Exercise instructions -
Extract, exactly and without pictures, every line from the one that includes "151 Brockway Dr — Photo 32" through the final line of the material below.

Task inputs -
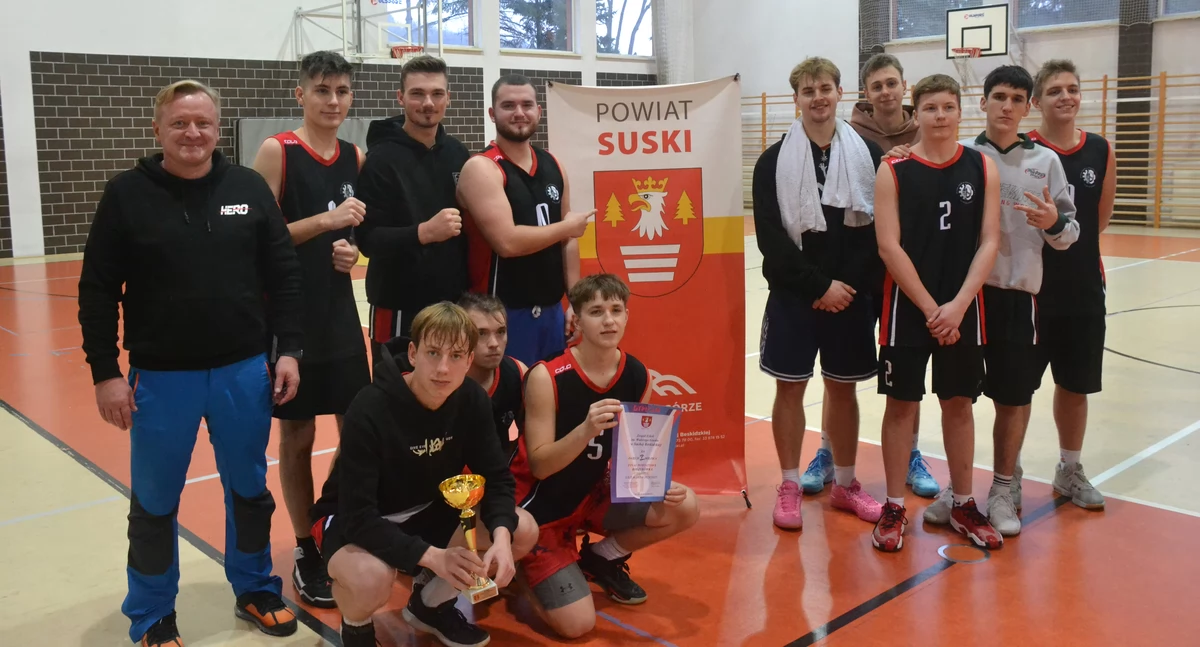 Sport szkolny, Goetel rządzi koszem - zdjęcie, fotografia
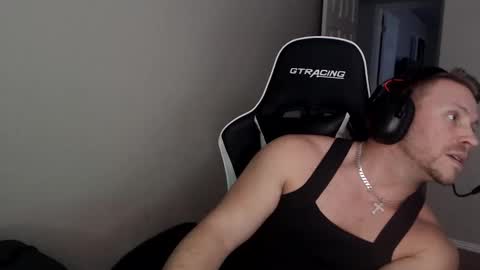 Player online show from December 14, 10:28 pm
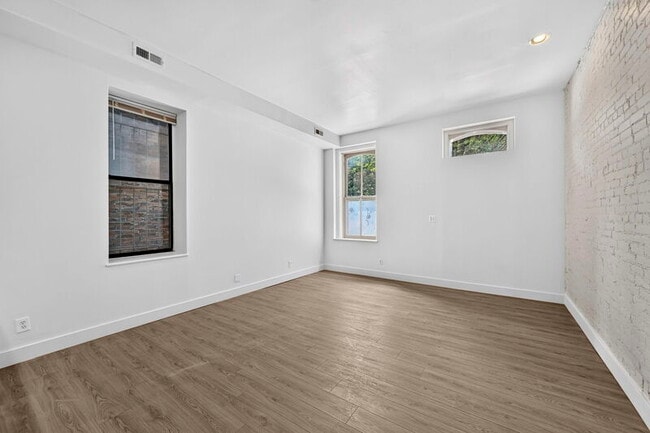 Building Photo - 1704 S Tucker Blvd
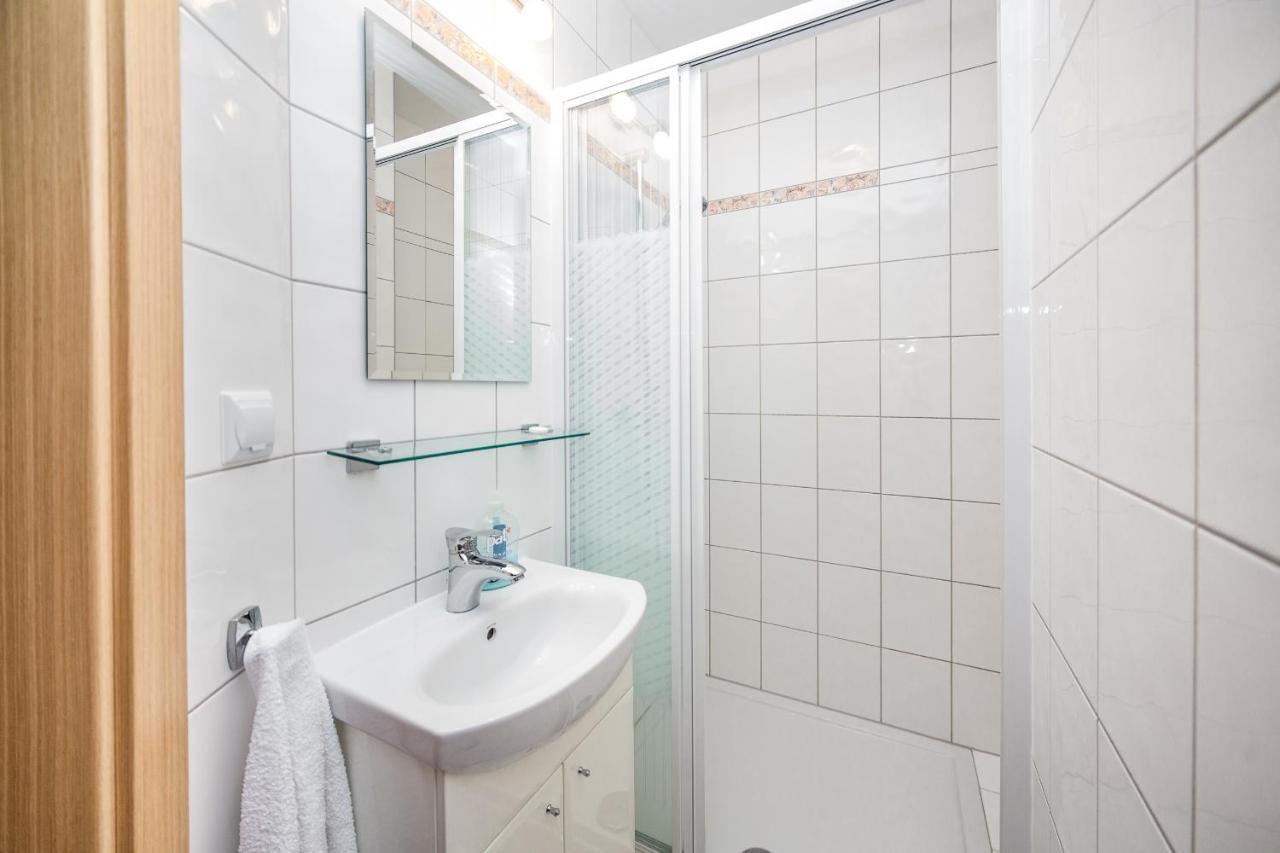 Apartament Wanda W Centrum Kolobrzegu Przy Starowce Exteriör bild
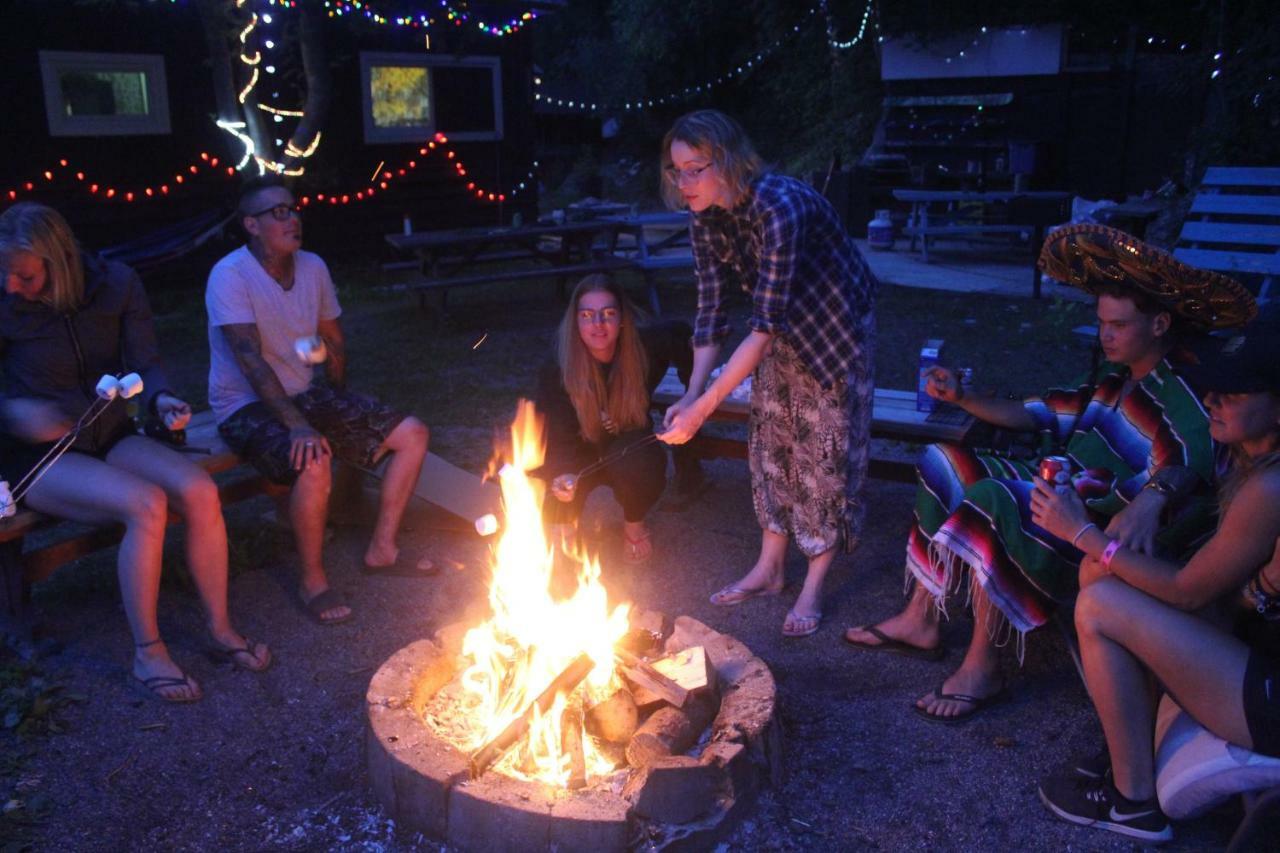 Kicking Horse Backpacker Hostel Golden Luaran gambar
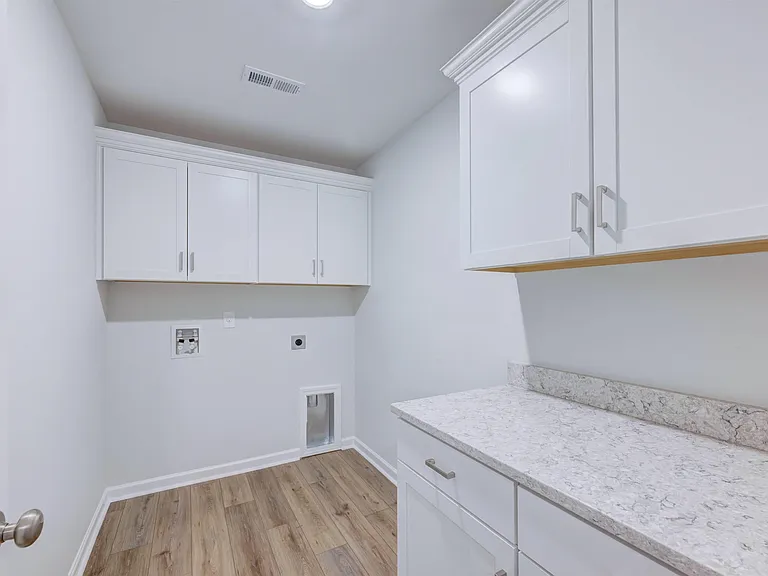 151 Brockway Dr — Photo 32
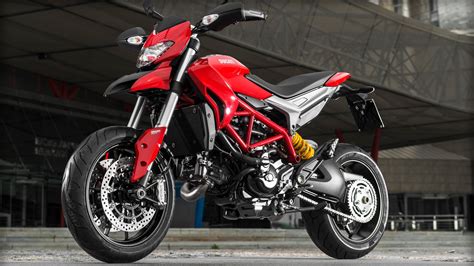 DUCATI Hypermotard 820 2016 2017 Specs Performance Photos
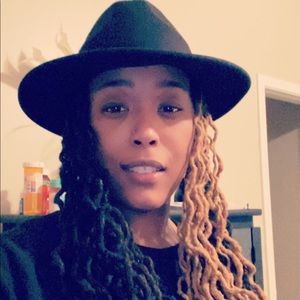 Meet your Posher, Candice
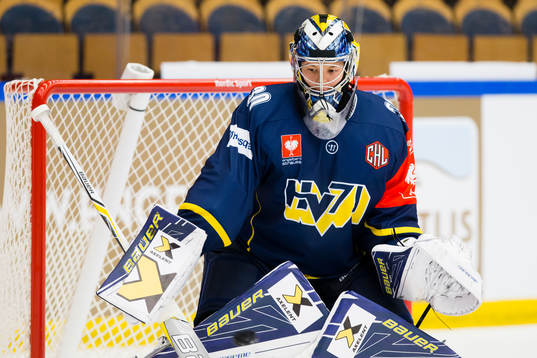 s målvakt Linus Söderström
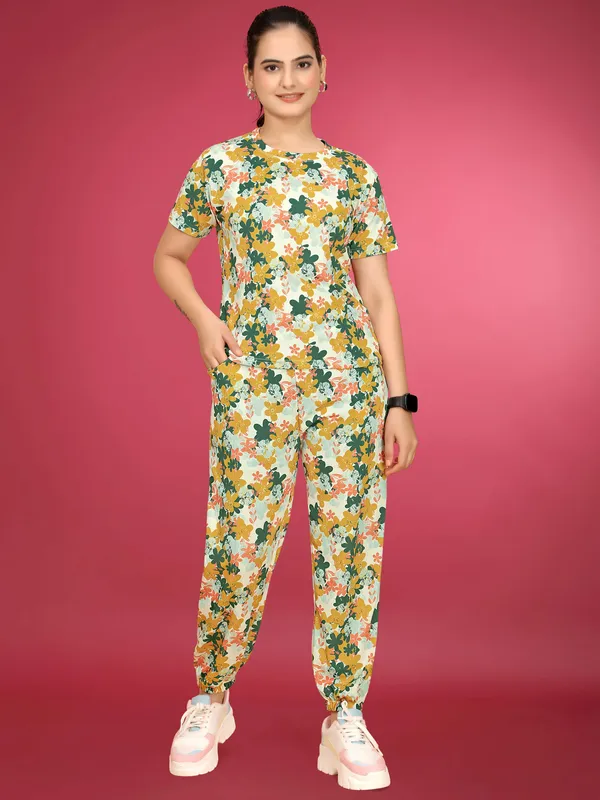 Multi_Colour_Valentino_Elastane_T-Shirt_&_Pyjamas_Set_For_Women_|_Regular_Round_Neck_Short_Sleeve
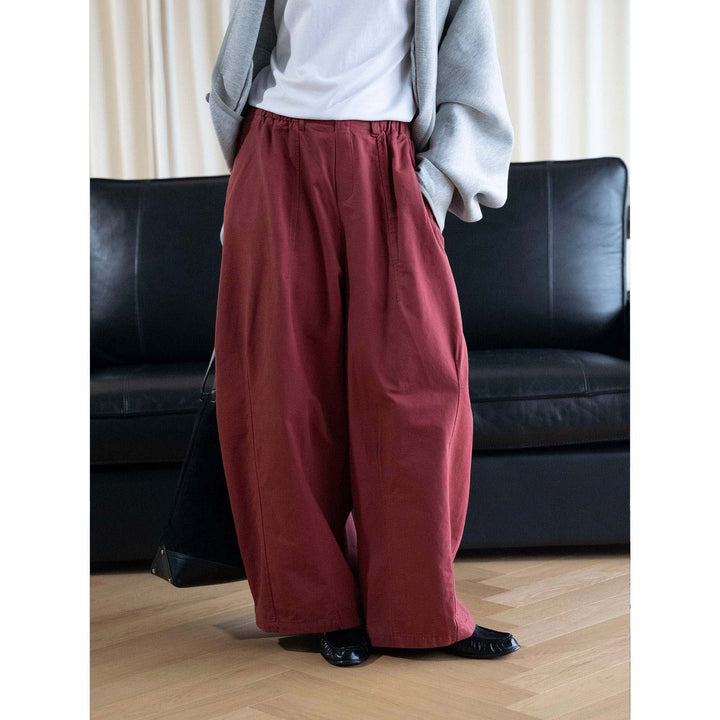 Women's high-waisted wide fabric trousers with concealed elastic waistband and crease Mune Fashion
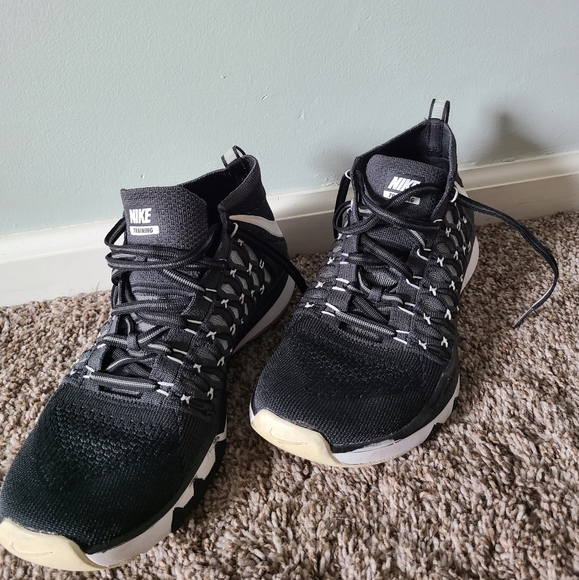 Nike Training Shoes - Picture 3 of 7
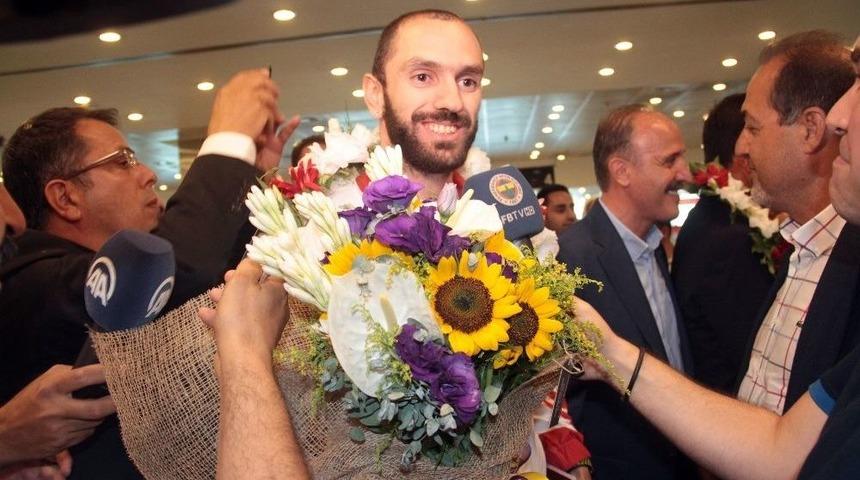 Atletizm Milli Takımı T&uuml;rkiye&rsquo;ye D&ouml;nd&uuml;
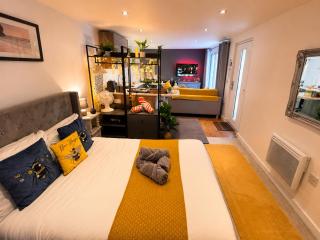 Secluded Garden Lodge with Private Hot Tub - WiFi - Close to Beach - 1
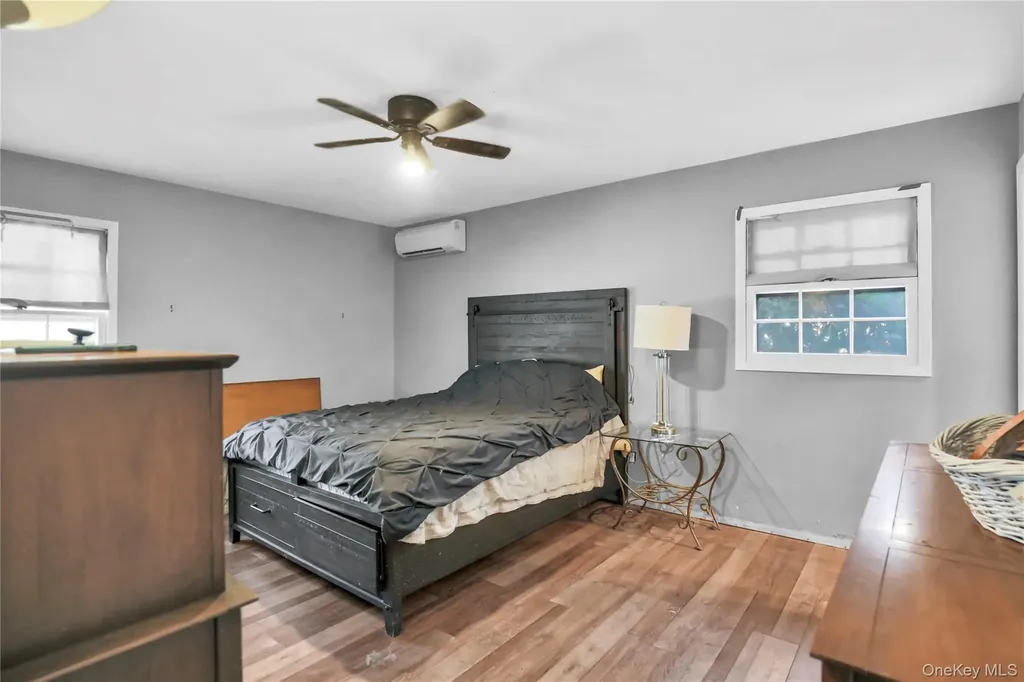 11 Seward Lane Stony Brook NY 11790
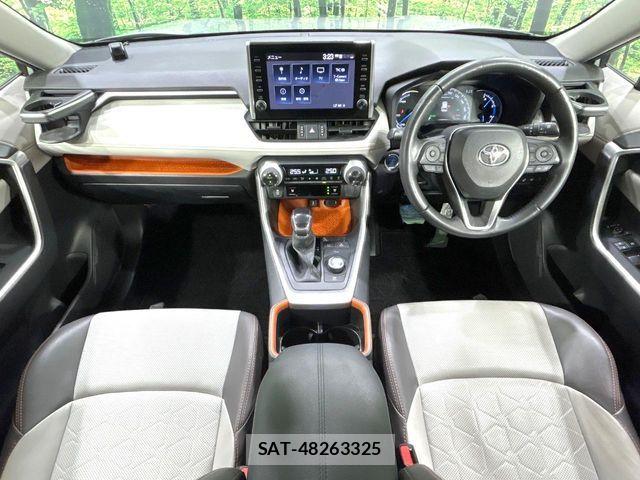 Toyota RAV4 2022-02 6673353-1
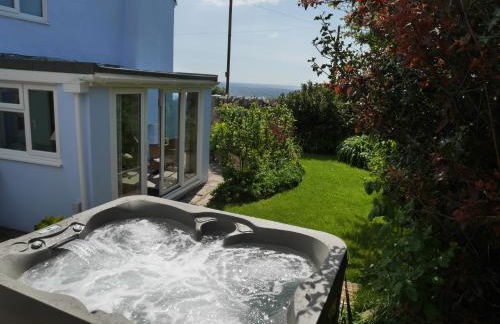 Fishermans Cottage - Photo 1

Response area -
 151 Brockway Dr — Photo 32
 DUCATI Hypermotard 820 2016 2017 Specs Performance Photos
 Meet your Posher, Candice
 s målvakt Linus Söderström
 Multi_Colour_Valentino_Elastane_T-Shirt_&_Pyjamas_Set_For_Women_|_Regular_Round_Neck_Short_Sleeve
 Women's high-waisted wide fabric trousers with concealed elastic waistband and crease Mune Fashion
 Nike Training Shoes - Picture 3 of 7
 Atletizm Milli Takımı T&uuml;rkiye&rsquo;ye D&ouml;nd&uuml;
 Secluded Garden Lodge with Private Hot Tub - WiFi - Close to Beach - 1
 11 Seward Lane Stony Brook NY 11790
 Toyota RAV4 2022-02 6673353-1
 Fishermans Cottage - Photo 1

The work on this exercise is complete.